Entrevista:O Estado inteligente

quinta-feira, janeiro 18, 2007

Celso Ming - Mais do que espuma?



O Estado de S. Paulo
18/1/2007

Na falta de vontade política empenhada em superar assimetrias, uma após outra, as reuniões de cúpula do Mercosul têm-se limitado a duas coisas: a promover intensa competição de egos e a produzir espuma. Será uma surpresa se a cúpula que começa hoje e termina amanhã, no Rio, desembocar num resultado de melhor qualidade.

O presidente do mais novo sócio, a Venezuela, acaba de comunicar que seu país está construindo o 'socialismo do século 21'. Por falta de explicações, ninguém ainda foi capaz de entender as macroconseqüências disso. Mas é o tipo de projeto que, em vez de integrar, tem tudo para desintegrar um bloco.

Mais aberrante ainda, Hugo Chávez anuncia que está preparando um arcabouço jurídico que o legitimará como presidente vitalício da Venezuela.
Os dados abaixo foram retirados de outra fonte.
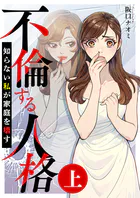 不倫する人格〜知らない私が家庭を壊す〜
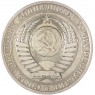 1 рубль 1981 — 937042218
Como em suas cláusulas pétreas o Mercosul está comprometido com a democracia, fica difícil entender como a pretensão de Chávez possa ser agasalhada.

Paraguai e Uruguai acabam de comunicar que não aceitam a proposta brasileira de contratar e liquidar operações de comércio exterior entre os países membros em moedas nacionais dos países do bloco.
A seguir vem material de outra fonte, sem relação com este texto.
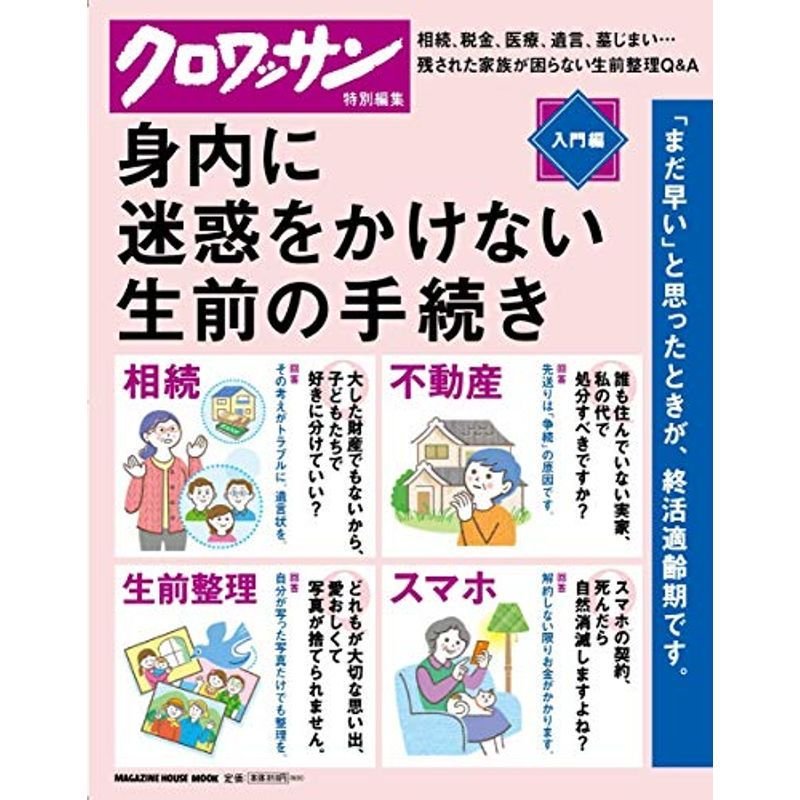 クロワッサン特別編集 身内に迷惑をかけない生前の手続き。 (マガジンハウスムック)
A Argentina não concorda com a proposta brasileira de conceder um regime especial de Tarifa Externa Comum (TEC) para Paraguai e Uruguai. Argentina e Uruguai se engalfinham no Tribunal de Haia a propósito da instalação de uma grande central produtora de celulose à margem esquerda do Rio Uruguai.

O Mercosul pretende ser uma união aduaneira, o segundo estágio de integração comercial. Além de pressupor a condição de zona de livre-comércio, uma união aduaneira exige uma política comum de comércio exterior. Entre os capítulos em que se subdivide uma política de comércio exterior estão as regras de investimento. Ora, o Uruguai está na iminência de assinar acordo com os Estados Unidos sobre regras de investimento. E há razões para acreditar em que este seja o primeiro passo para a assinatura de um tratado de livre-comércio em separado com os Estados Unidos. Em princípio, isso implica saída do Uruguai ou desmoralização do Mercosul.

Com o apoio do Itamaraty, a Bolívia quer porque quer ser aceita como membro pleno do Mercosul sem ter de aderir à TEC, o coração da união aduaneira, o que a obrigaria a aumentar a proteção comercial e a enfrentar mais inflação.

Integração econômica não existe porque cada país vai para um lado. A Argentina, por exemplo, tem um câmbio artificialmente desvalorizado, suas exportações levam um confisco de 5% a 40% sobre o valor de venda. Os preços internos estão submetidos a controles do governo central. A Venezuela está anunciando a estatização do setor de energia e de comunicações. O Brasil até agora seguiu as regras da ortodoxia econômica, baseadas no tripé responsabilidade fiscal, câmbio flutuante e sistema de metas de inflação. Mas sabe-se lá até quando fará esse jogo.

Os tratados do Mercosul só têm sido observados quando as cláusulas convêm ao país membro. Quando deixam de convir, atropela-se o que foi assinado, sem que essa decisão produza conseqüências. Os diplomatas da Argentina e do Brasil repetem diariamente que o Mercosul tem tantas perfurações quanto uma tábua de tiro ao alvo. Mas não conseguem mudar o que vêem.

Os governos de Brasil, Argentina, Venezuela e Bolívia não escondem sua antipatia, ou mesmo repulsa, a acordos de livre-comércio. O presidente Lula já se gabou de ter contribuído decisivamente por afundar o projeto da Alca. Kirchner tem medo de que a indústria argentina seja arrasada pelo aumento da competição num ambiente de comércio mais livre. Para Chávez, a Alca é o diabo. Nesse quadro, fica muito difícil antever algum sucesso numa negociação comercial.

Como das outras vezes, o presidente Chávez deverá fazer dessa cúpula mais uma propaganda de si próprio. Mas, como já foi longe demais, sua atuação está exigindo contraponto.

Não parece tão maluco pensar que tanto Lula como Kirchner se vejam na obrigação de compensar os exageros de Chávez com atitudes mais à direita, tanto dentro do Mercosul como no ambiente estratégico sul-americano. A conferir.